Well, folks, time to batten down the hatches, the fiscal storm is about to hit.
Or perhaps the more appropriate metaphor will be to tighten your belts.
The City of Campbell River is facing a $3.6 million deficit now that it is finally facing the inevitable – the reassessment of the tax contribution to the city’s coffers from the Elk Falls pulp mill. The Catalyst-owned mill categorization was downgraded from a major industrial property to a less valuable business/other classification. That results in a $1.8 million direct loss of tax revenue. Add to that a $1.1 million tax shortfall carried over from last year plus a $1.3 million increase in costs related to contract commitments and inflationary increases, according to Laura Ciarniello, the city’s general manager of corporate services.
This is a far cry from the $550,000 deficit that a December report to council was projecting.
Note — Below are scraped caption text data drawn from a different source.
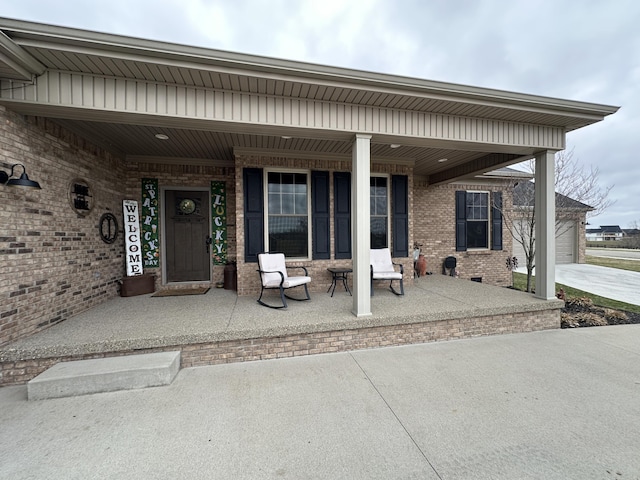 doorway to property featuring brick siding, a porch, and driveway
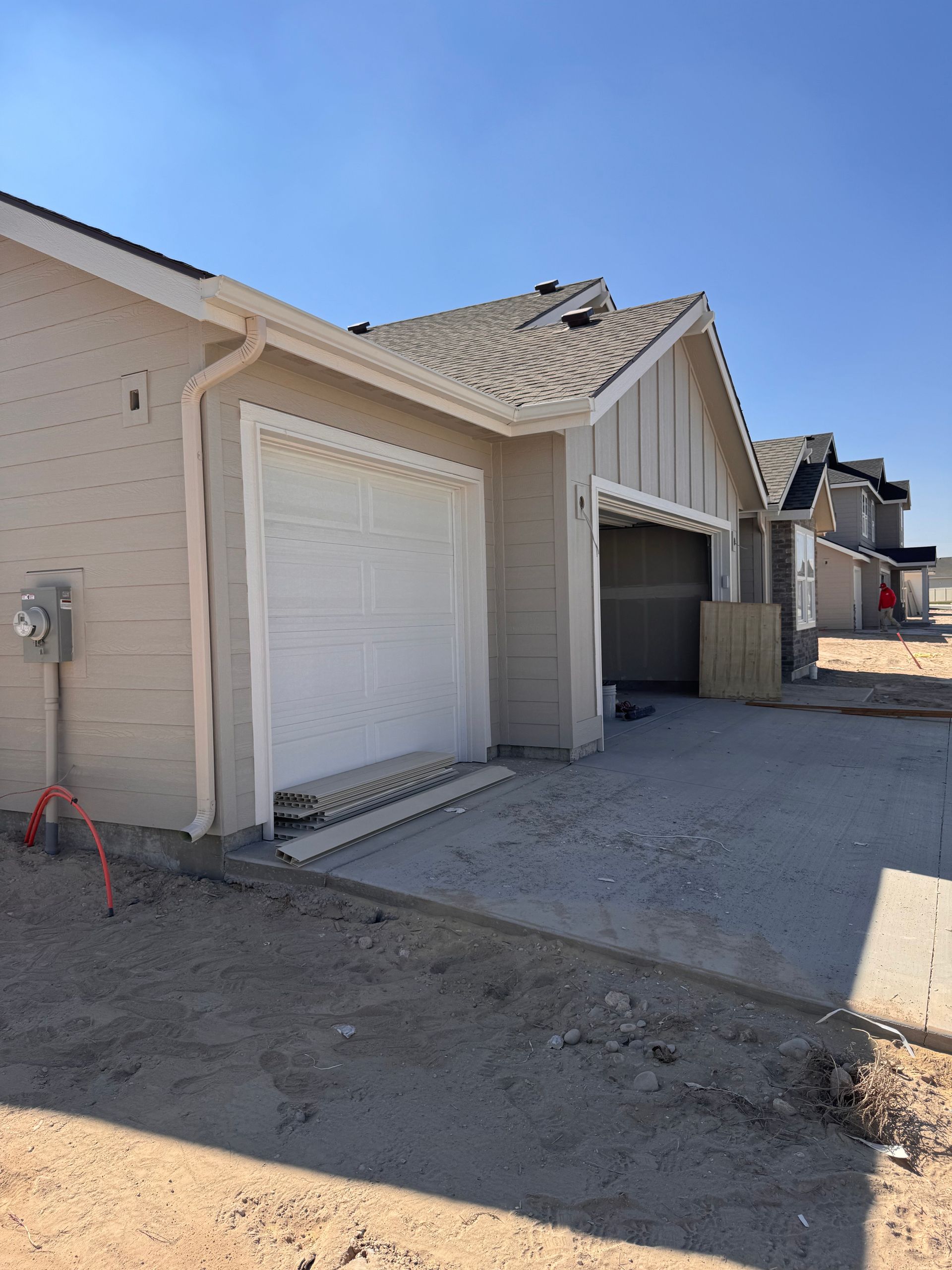 Newly constructed beige townhouses with open and closed garage doors and gravel driveways under a clear blue sky.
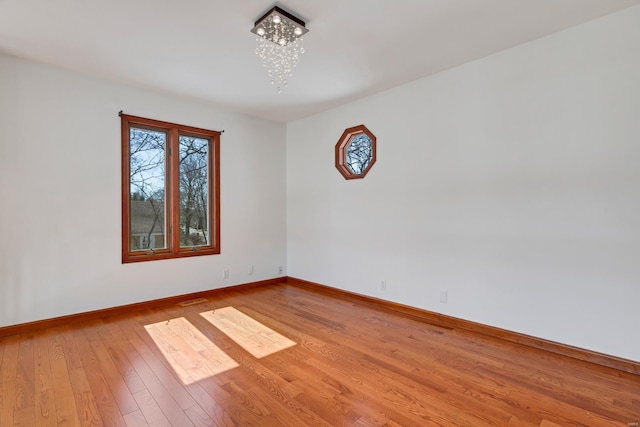 spare room featuring visible vents, baseboards, a chandelier, and light wood finished floors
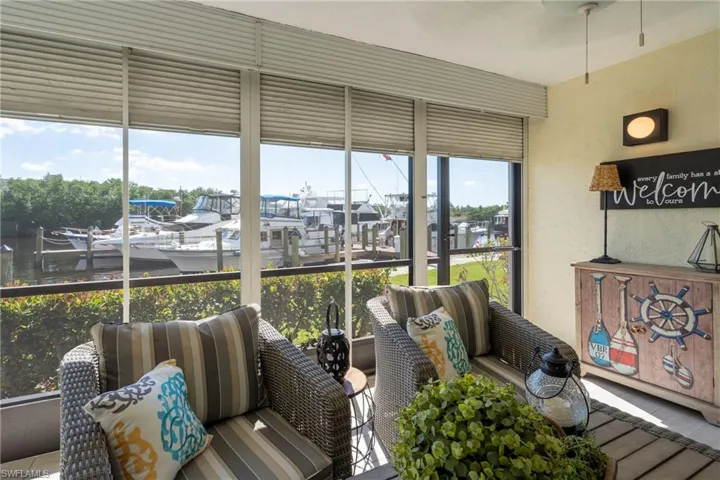 Sunroom / solarium with a water view and a textured wall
That figure was based on the best-case scenario, i.e., the Catalyst contribution remained the same but that wasn’t ever going to happen, if not this year then certainly next year.
So, it means either a 24 per cent tax increase to maintain service levels or, as is most likely, a cut in services. Given that new mayor Walter Jakeway has prematurely promised there will be no new tax increase, we’re looking at significant cuts. This will please a portion of the population but are they really prepared for what that will mean? It will certainly reflect an uncommonly steadfast ideological belief on the part of Campbell River residents if this fiscal approach is implemented without significant wailing and gnashing of teeth.
So, what are you willing to give up to forego a huge tax increase?